NB: These stories, examples, and musings were originally written in 2012 when my oldest was not yet 9.

I desperately want my children to have the second nature to put a book back on the shelf when they’re done, to put their coat in the coat closet (I even just have a bin to toss them in!), to pick up their pencils when they fall on the floor, etc.

I want them to be established in good habits, because in things like that, it is all about what you are accustomed to do.

I want my children to have years of unbroken habit in keeping things the way they should be kept rather than in making and leaving messes. I want it to take no conscious thought or effort to put something away rather than just put it down wherever, just to do it that way because that’s what was natural to them.

But, there is no way they are going to have those sorts of habits built unless I have them as well, and unless I build them myself first.

After all, I won’t think to remind them to put things away if it’s not normal to me.

If I’m inconsistent, sometimes having them put things away and sometimes not; then they just learn (if they’re lucky) how to play their mother rather than learning any lasting habits.

Order and neatness cannot become natural to them unless I give them an environment where order and neatness is the norm. If the house is normally in decent order and we have set times to tidy up so things never get too far out of hand then they can see how pencils on the floor are out of order rather than barely noticeable and how leaving books spread all over the house is not right.

Then there is, of course, the hypocrisy angle. If the kitchen always has dirty dishes from three days ago and flour that’s been on the counter for days, how can I harp on Legos left out? If my bedroom has clothes on the floor, why do I care if their room has clothes on the floor?

If I expect of them what I don’t expect of myself, I will lose my credibility and their respect.

But what I need to remember in all this is that my desire is to give to them, not get from them.

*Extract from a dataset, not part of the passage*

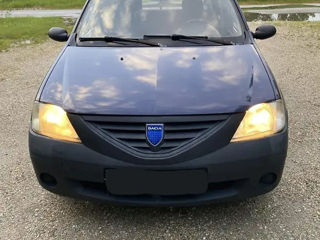 Dacia Logan foto 1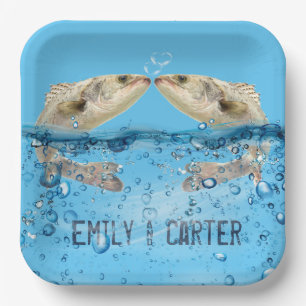 Trouwvis in water met hartbellen papieren bordje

I want good things for them; my intention is to bestow good habits, not to take from them, not even to demand of them, ultimately. That attitude needs to be evident in my words and actions, or once again I will not be giving them a love of order and neatness.

If it is not natural to me, and if things aren’t kept up regularly, then I get frustrated and become a harpy, carping on them for messes left hither and yon. And then cleaning up becomes a hateful, unpleasant thing for us all.

Instead, I want picking up to just be part of the normal rhythm of life.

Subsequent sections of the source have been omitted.